• What this task involves: Transcribe each line below verbatim; pictures excluded.

• Dataset section:
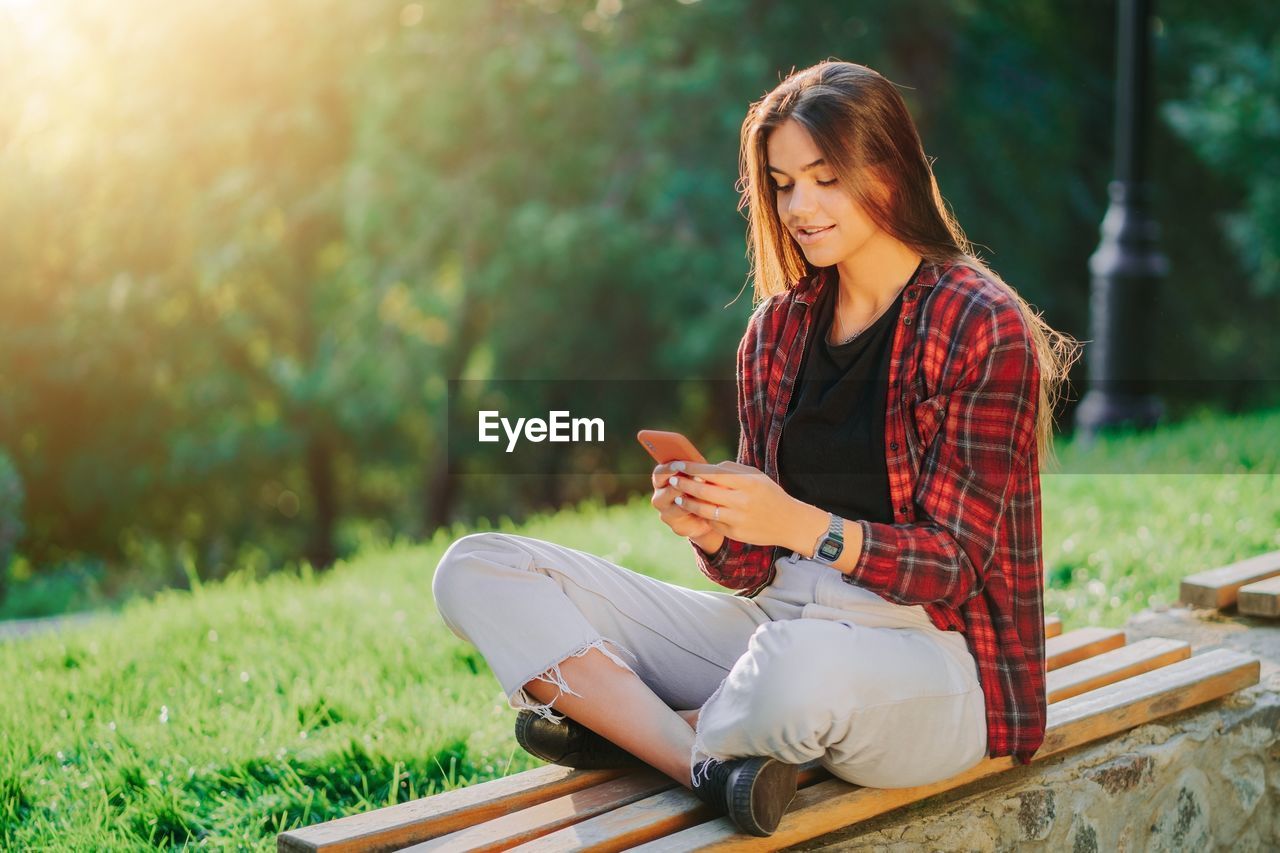 Smiling woman using mobile phone while sitting at bench in park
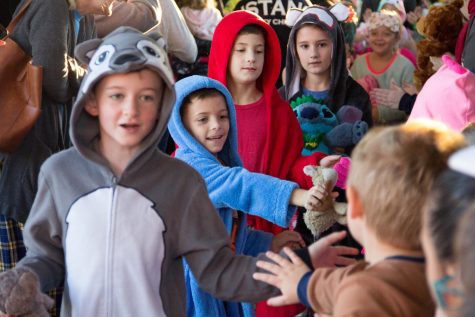 A few third graders march down the deck, greeting their friends with energetic hugs and high-fives.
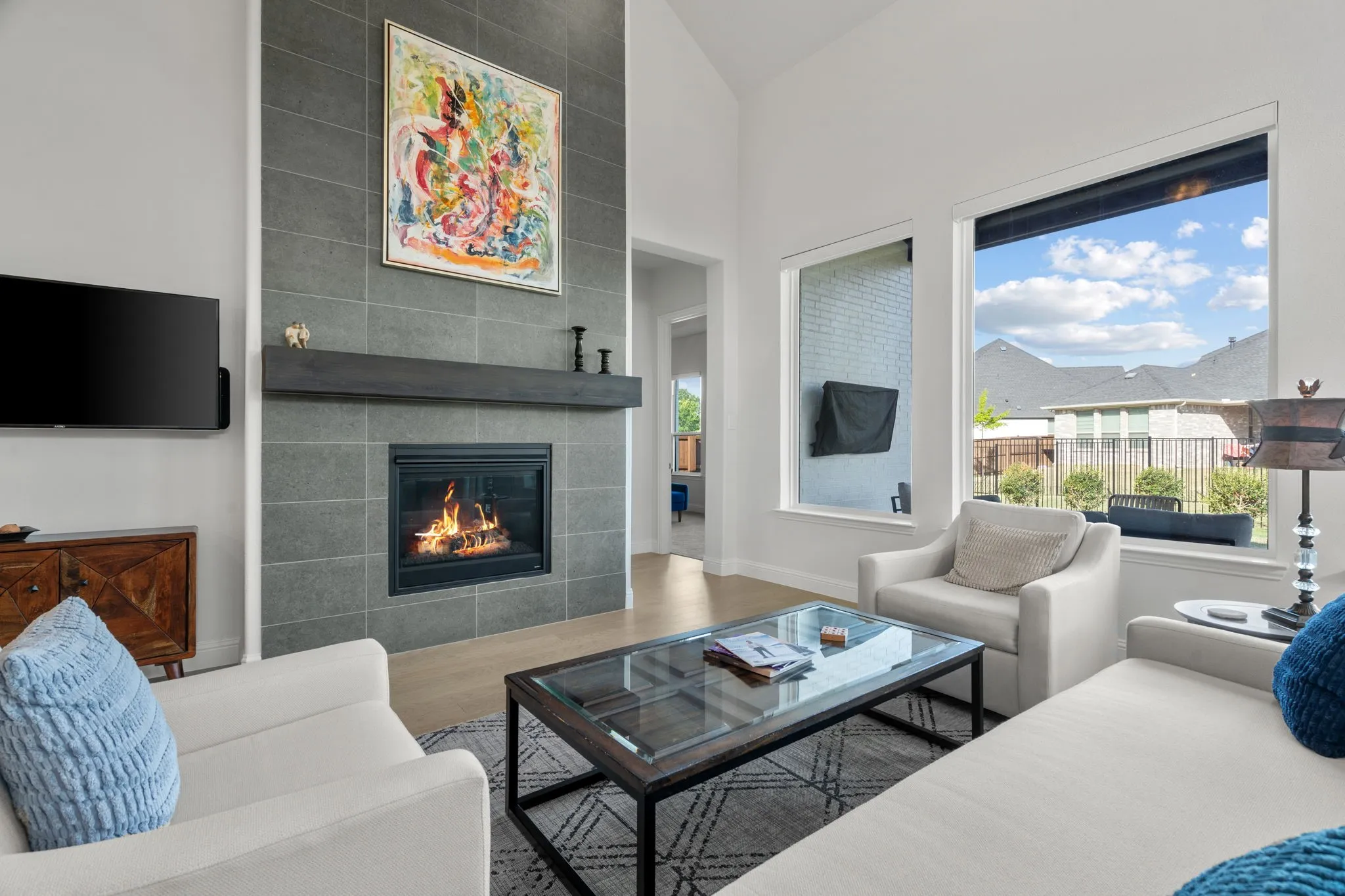 Living area featuring a floor-to-ceiling tile fireplace with a dark wood mantel, vaulted ceilings, and wood-finish flooring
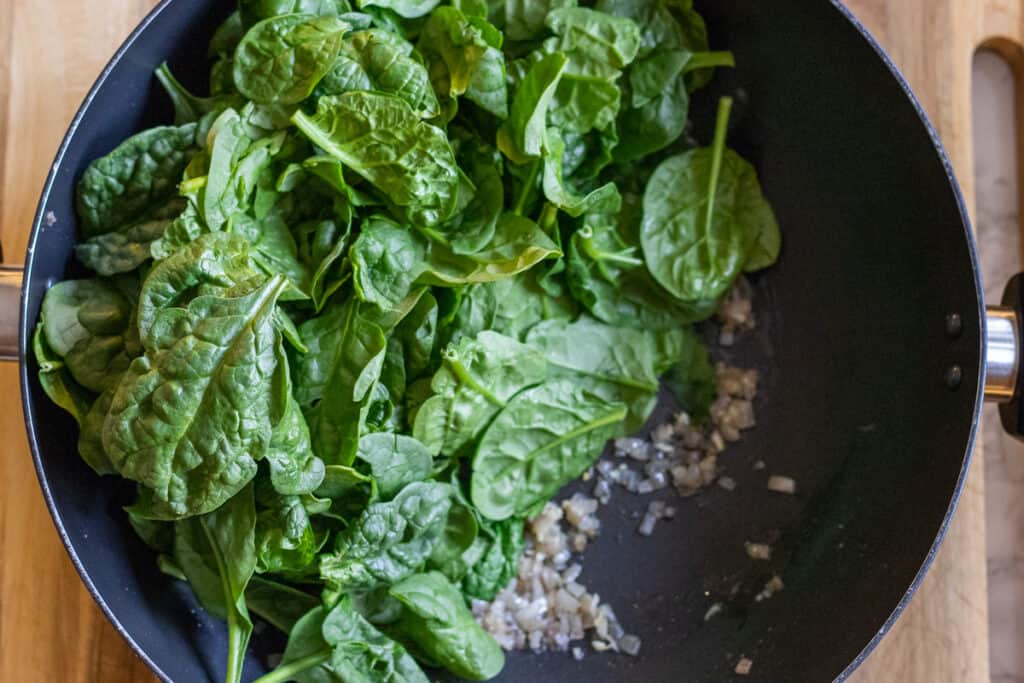 Fresh spinach leaves are added to the pan.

• Output for this exercise:
 Smiling woman using mobile phone while sitting at bench in park
 A few third graders march down the deck, greeting their friends with energetic hugs and high-fives.
 Living area featuring a floor-to-ceiling tile fireplace with a dark wood mantel, vaulted ceilings, and wood-finish flooring
 Fresh spinach leaves are added to the pan.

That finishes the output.